Supplied data ->
== == ==
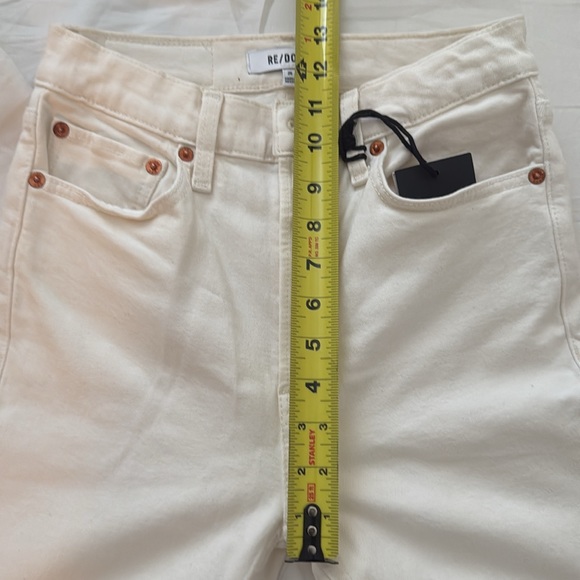 Orginals 90s High Rise Ankle Crop in Vintage White
RE/DONE - Picture 9 of 11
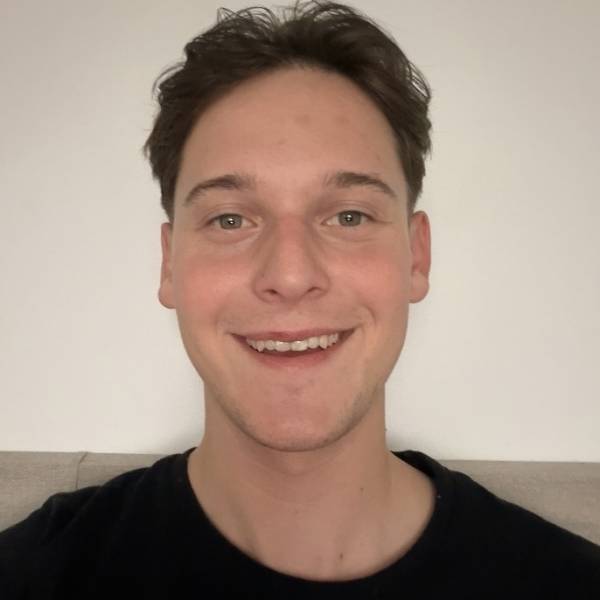 modelka s ID 0401SAJBLU p017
== == ==
What this task involves ->
Give back only the lines from the one that carries "RE/DONE - Picture 9 of 11" through the final line above, both included. Drop all pictures.

Solution to this problem ->
RE/DONE - Picture 9 of 11
 modelka s ID 0401SAJBLU p017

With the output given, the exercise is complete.